Output details
29 - English Language and Literature
Royal Holloway, University of London
The Customs House
‘The Customs House’ (Faber, 2012) is Motion’s eleventh collection of poems and divided into three sections. The first is a group of poems called ‘Laurels and Donkeys’ that tackles the theme of c20 Western wars – from the First World War to Afghanistan. Many of these poems use ‘found’ material: books, newspaper articles and interviews that Motion conducted himself with soldiers and their widows. Motion negotiates a series of poems in relation to existing ‘war poetry’, to find a way of writing war poetry as a non-combatant that avoids authorial grandstanding. Several of these poems are now being set to music, to make a new War Requiem that has been commissioned by the London Symphony Orchestra with music by Sally Beamish for performance in the Barbican and elsewhere in November 2014.

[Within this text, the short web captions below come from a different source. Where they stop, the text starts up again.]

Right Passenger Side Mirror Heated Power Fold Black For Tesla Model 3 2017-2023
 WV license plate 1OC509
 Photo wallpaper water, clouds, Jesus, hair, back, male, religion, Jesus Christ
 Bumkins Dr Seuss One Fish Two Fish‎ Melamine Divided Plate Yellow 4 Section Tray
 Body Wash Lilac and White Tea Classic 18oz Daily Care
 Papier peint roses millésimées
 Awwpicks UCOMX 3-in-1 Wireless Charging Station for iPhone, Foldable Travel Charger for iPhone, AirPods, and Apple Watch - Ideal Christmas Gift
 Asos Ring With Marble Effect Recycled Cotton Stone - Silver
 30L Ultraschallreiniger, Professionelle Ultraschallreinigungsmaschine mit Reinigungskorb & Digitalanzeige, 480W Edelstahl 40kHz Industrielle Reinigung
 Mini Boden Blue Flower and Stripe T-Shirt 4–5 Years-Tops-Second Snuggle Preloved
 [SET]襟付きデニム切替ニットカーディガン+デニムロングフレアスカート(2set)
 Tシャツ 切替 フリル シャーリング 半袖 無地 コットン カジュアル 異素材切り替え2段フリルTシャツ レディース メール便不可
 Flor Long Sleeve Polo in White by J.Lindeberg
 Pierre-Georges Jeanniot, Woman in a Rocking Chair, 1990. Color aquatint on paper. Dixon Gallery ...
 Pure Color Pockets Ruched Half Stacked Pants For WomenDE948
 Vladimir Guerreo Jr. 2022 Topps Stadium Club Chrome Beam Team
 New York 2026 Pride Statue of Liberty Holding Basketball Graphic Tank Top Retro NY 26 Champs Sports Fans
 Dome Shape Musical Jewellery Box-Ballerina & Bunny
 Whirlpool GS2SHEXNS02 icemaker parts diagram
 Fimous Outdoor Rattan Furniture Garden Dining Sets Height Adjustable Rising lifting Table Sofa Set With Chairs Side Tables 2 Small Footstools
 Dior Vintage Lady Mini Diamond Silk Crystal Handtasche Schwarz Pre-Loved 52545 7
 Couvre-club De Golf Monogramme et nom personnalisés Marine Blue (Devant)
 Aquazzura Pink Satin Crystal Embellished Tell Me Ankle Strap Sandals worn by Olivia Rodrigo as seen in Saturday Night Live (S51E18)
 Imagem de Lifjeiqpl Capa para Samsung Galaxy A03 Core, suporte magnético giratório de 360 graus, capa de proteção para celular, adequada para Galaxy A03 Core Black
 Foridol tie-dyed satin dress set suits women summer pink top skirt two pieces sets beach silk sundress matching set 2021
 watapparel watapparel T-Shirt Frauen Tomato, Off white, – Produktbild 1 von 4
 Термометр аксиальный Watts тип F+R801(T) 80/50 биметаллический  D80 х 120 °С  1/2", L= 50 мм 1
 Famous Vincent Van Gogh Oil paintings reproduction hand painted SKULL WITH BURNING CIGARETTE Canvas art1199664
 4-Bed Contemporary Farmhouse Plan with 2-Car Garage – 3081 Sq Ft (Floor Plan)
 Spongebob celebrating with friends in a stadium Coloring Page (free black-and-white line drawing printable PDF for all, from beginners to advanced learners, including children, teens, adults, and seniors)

The second part of the book contains a series of poems about ‘place’ (they are all named after and set in particular locations), which seek to turn simple evocation into a more prolonged search for and meditation on belonging. The third part of the book is concerned in one way or another with our consciousness as a species of living in time – elegies, poems about the environment, poems about vanished historical figures. Here as elsewhere Motion engages an awareness of writing within the ‘English line’ of lyric poets.